Last year, the Organization of American States (OAS) adopted a resolution stressing the need for its member states to develop a set of confidence-building measures (CBMs) for cyberspace. The objectives of the initiative include promoting trust, improving deterrence, and facilitating greater cooperation in cybersecurity. It is difficult to overstate the importance of this work amidst escalating geopolitical tensions online. Acknowledging this, the Cybersecurity Tech Accord signatories are today publishing a set of recommendations with the hope that they will help make the initiative even stronger. “Promoting international peace and stability by building trust between states in cyberspace: The importance of effective confidence-building measures,” highlights the value of effective CBMs, their potential to improve cybersecurity, and provides concrete guidance for states pursuing such efforts.
To say that cyberspace is a new domain of conflict is nothing new. The proverbial “fifth domain” of conflict has been recognized by military planners for over two decades and, according to research, more than sixty nations today are actively pursuing the development of offensive military capabilities in cyberspace. But while much digital ink has been spilled over this conceptual development, and states continue to rush to create new digital weapons in defense ministries around the world, far less has been done to build the necessary infrastructure to stabilize this domain of conflict in ways similar to the physical domains of air, land, sea, and space.
Diplomats, policymakers and experts from industry and civil society worked over many decades to identify ways to reduce conventional military tensions by promoting greater understanding among nations. Governments today provide advance notice of military maneuvers and exercises, transparency in defense budgets and strategies, and have even established direct lines of communication between heads of state to avoid consequential misunderstandings.
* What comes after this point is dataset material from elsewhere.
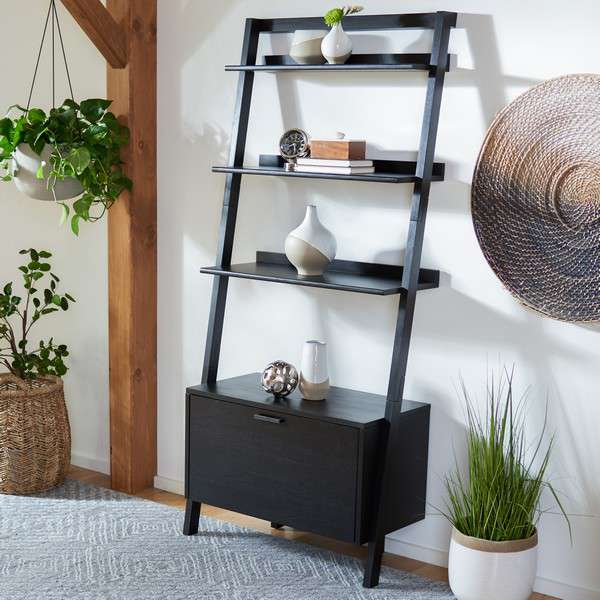 Safavieh Vlad 3 Shelf 1 Door Etagere - Black - Image 4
Moreover, there have been cooperative efforts to build trust, including between adversaries at the height of the Cold War, on issues such as space research and even travel for years.
All these discrete efforts can be described as confidence-building measures, ways that states engage with each other to reduce tensions. It is not hard to see the value of these activities as they have contributed to the persistent reduction in both the number and scale of conflicts between states over the last century. What is also readily apparent, however, is the absence of much of this deliberate trust-building work in cyberspace. In this domain, capabilities and intentions are still held quite close to the vest and tensions continue to escalate.
There are certainly unique qualities to cyber conflict that have made the adoption of traditional CBMs more challenging, including the relatively nascent frameworks of norms for behavior and the lack of a comprehensive international legal framework from which expectations of behavior could be established. Naval vessels, for example, know that violating the territorial waters of another state is provocative precisely because there are international agreements about what territorial waters are. In addition, the virtual nature of cyberspace makes it inherently difficult to be convincingly transparent about one’s capabilities in the domain, especially as such capabilities are constantly evolving.
Just the same, progress in establishing effective CBMs for cyberspace is essential for the protection of a free and secure internet. And while challenging, there are meaningful steps that can be taken by states which the Cybersecurity Tech Accord enumerates in its report, including:
- Develop shared positions and interpretations of key cybersecurity issues and concepts,
- Appoint a “cyber ambassador” to facilitate engagement and monitor evolutions in capabilities,
- Engage in dialogues around developing clear cyber warfare doctrines, and around international law and cybersecurity norms,
- Develop a list of facilities that are off limits for cyber-attacks,
- Establish channels of communication to respond to requests for assistance from other states,
- Create measures to promote cooperation among legal, technical and diplomatic communities,
- Nurture cooperation between national Computer Emergency Response Teams (CERTs),
- Exercise cybersecurity scenarios, within the government, with key national stakeholders, and with other nations,
- Engage with other stakeholders – from government, civil society, and industry.
These are the kinds of activities that not only promote understanding between nations, but also improve states’ cybersecurity capabilities such that all nations become more secure online. While the pursuit of offensive technology in cyberspace may be unavoidable, nations should be encouraged to prioritize investments in defense. Even more critically, states should dedicate an equal amount of time and energy to engaging with one another to a) share cybersecurity learnings and benefits as soon, and as broadly, as possible; b) ensure their actions and intentions in cyberspace are not misinterpreted, leading to unintentional escalations; and c) increase the role of deterrence in cyberspace. Unlike other domains of conflict, cyberspace is not finite and gains are not zero-sum – when any nation is more secure, we are all more secure.